Kresten Krab Thorup wrote:
Howard,
I took a look at MDB, and it does look quite promising!
Perhaps you can enlighten us a bit on these aspects of MDB:
- How do you back up an MDB instance? Can you do that while it is actively
updating, or do you need to stop it? I'm asking because the operational ease
of the log-structured stores is one of the features that many Riak'ers like
quite a lot.
Since this was originally developed for OpenLDAP slapd we currently use
slapcat to backup an MDB instance. That won't be useful in general though, so
we will be providing an mdb_dump/mdb_load utility shortly.
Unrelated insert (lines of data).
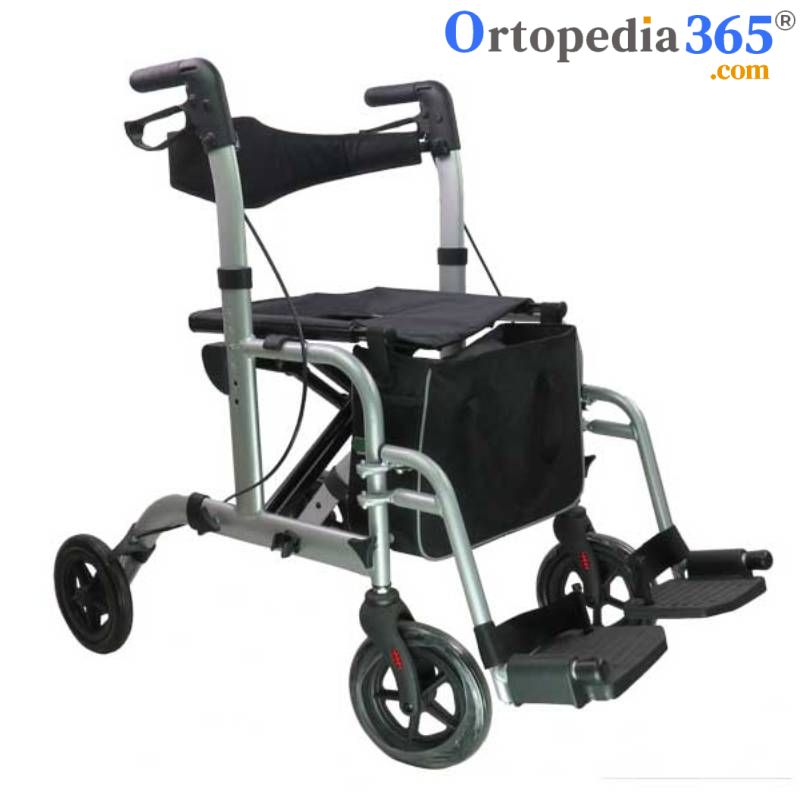 Andador Rollator Silla De Ruedas Lux| 2 En 1 | Altura Regulable, Plegable, Cesta Y Asiento-1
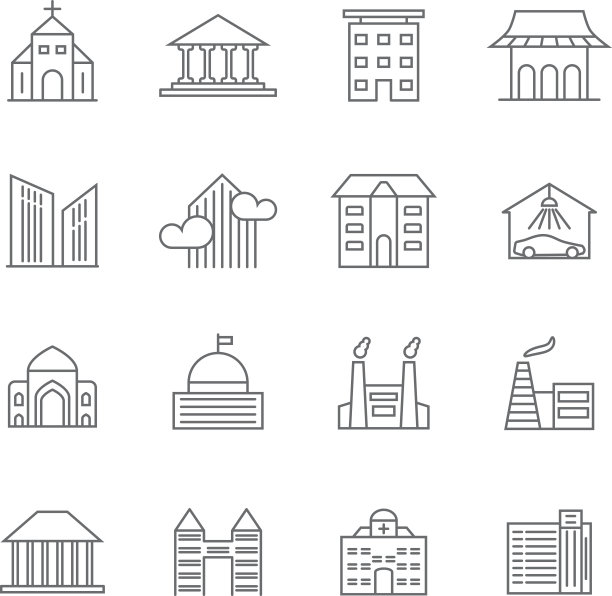 房子和建设矢量线图标。房地产轮廓符号图片下载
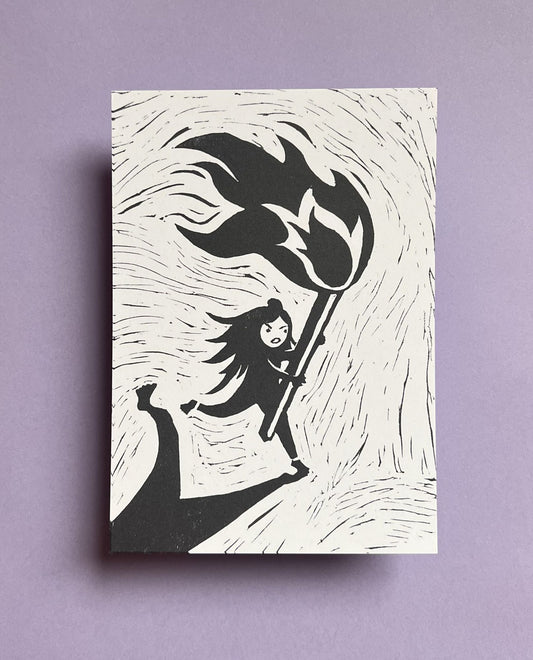 flammenmädchen — postkarte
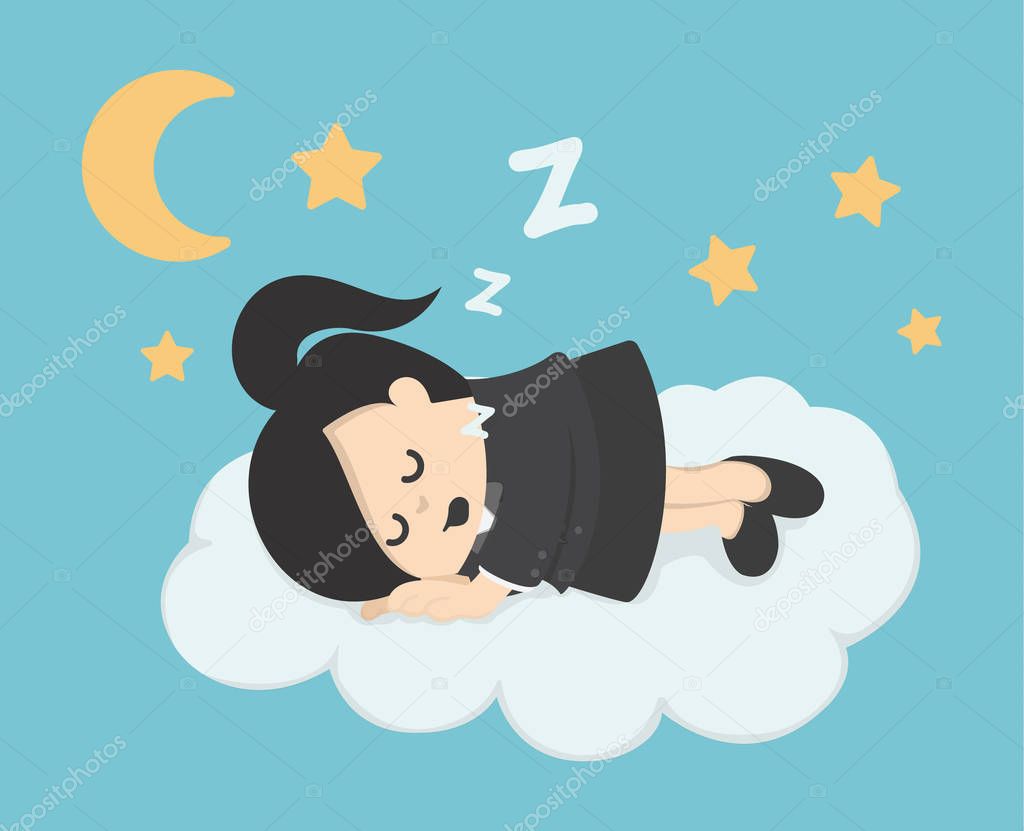 Business woman sleep on a cloud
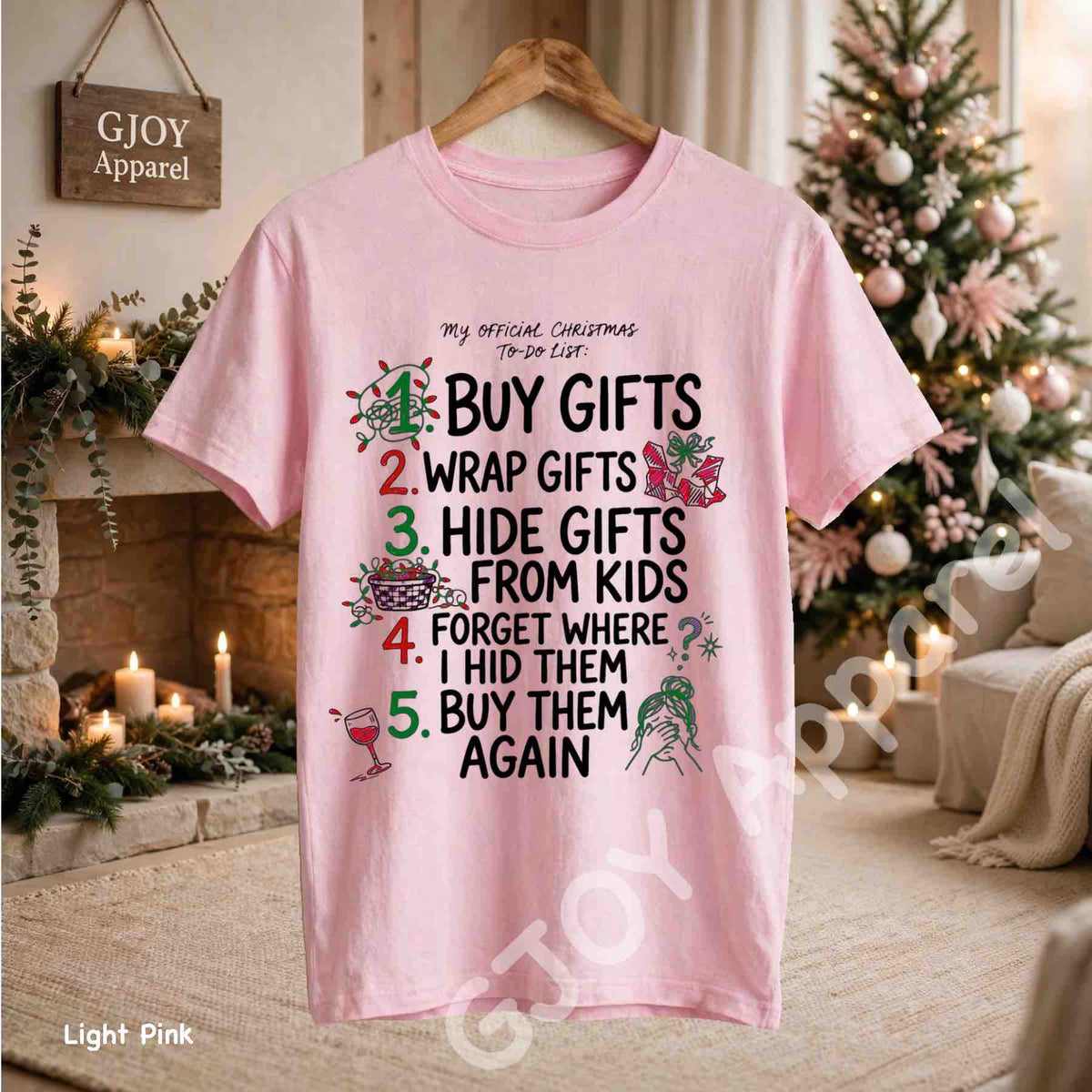 My Official Christmas Todo List T-Shirt - Funny Buy Gifts Wrap Gifts Hide Gifts From Kids Christmas Checklist Design - Light Pink Gildan 5000 - Grand Print YJ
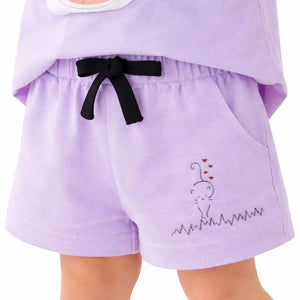 Spark Kids White Cotton Shorts with Bird Print | Soft Drawstring Summer Shorts for Boys & Girls | Lightweight Casual Kids Wear Spark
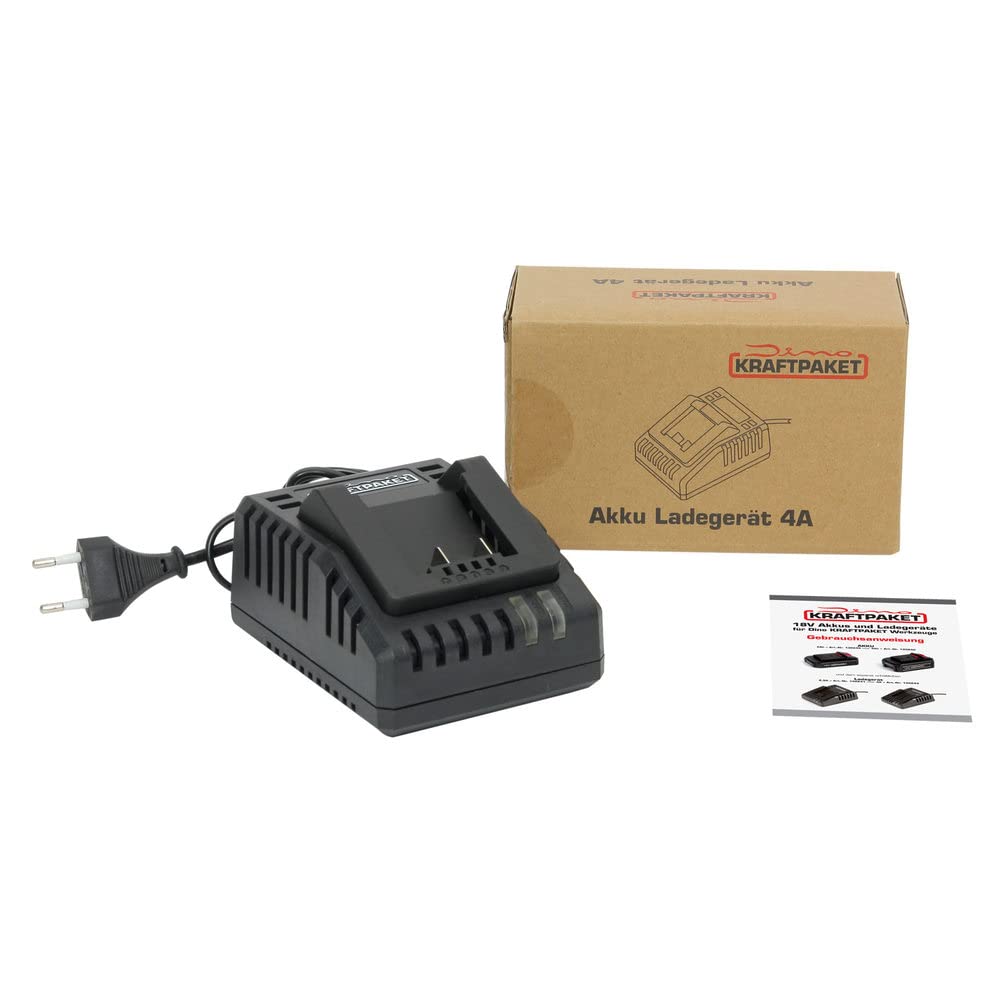 Dino KRAFTPAKET 4A-Ladegerät für 18V 4Ah Lithium Li-Ion Akku, passend zum Dino KRAFTPAKET 18 Volt-Ak
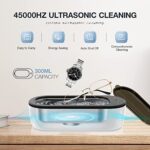 Jewelry Cleaner, Professional Ultrasonic Cleaning Machine for All Jewelry-SUS 304 Tank, 45kHz Portable Household Cleaner for Gold, Silver, Eyeglasses, Watches, Rings, Necklaces, Dentures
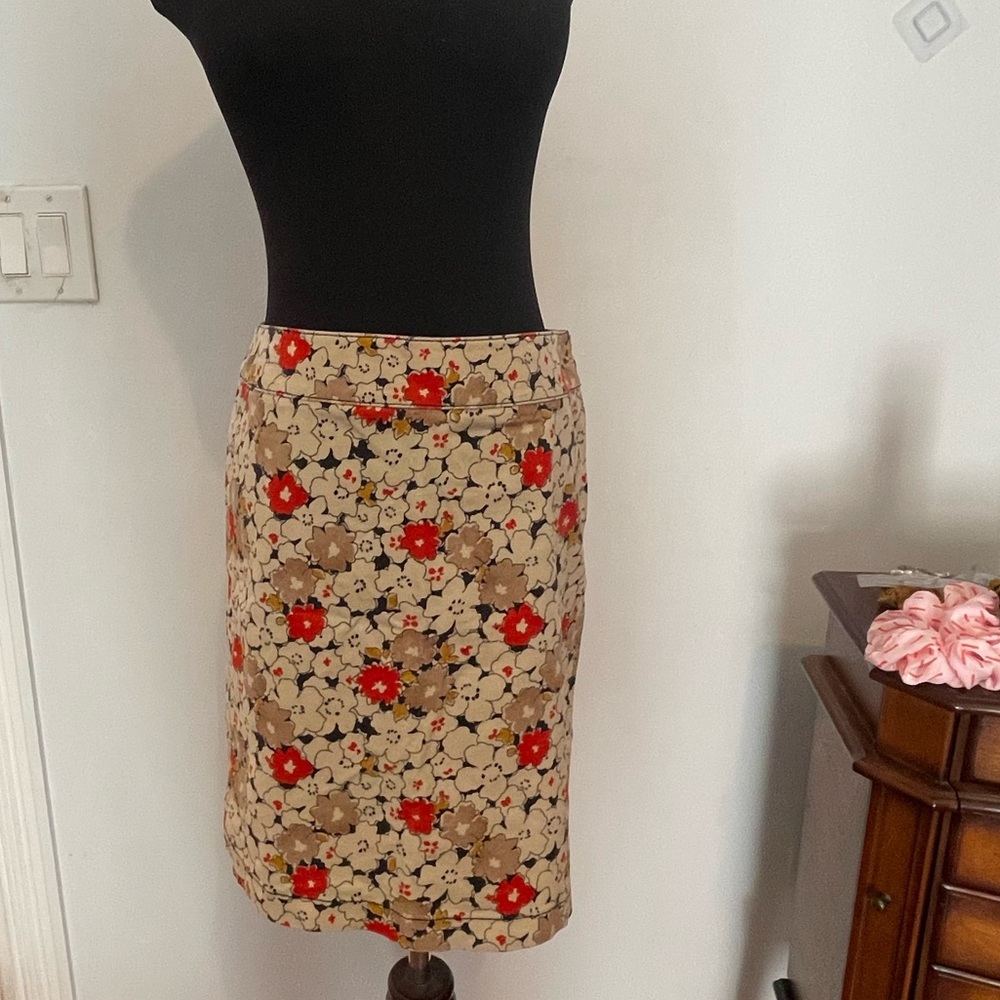 Size 0 Ann Taylor Loft corduroy floral skirt perfect for work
There is no need to
stop the database while performing a backup, but...
MDB uses MVCC, so once a read transaction starts, it is guaranteed a
self-consistent view of the database until the transaction ends.
Keeping a read txn open for a very long time will prevent the dirty page
reclaimer from re-using the pages that are referenced by that read txn. As
such, any ongoing write activity will be forced to use new pages. The DB size
can grow very rapidly in these situations, until the read txn ends.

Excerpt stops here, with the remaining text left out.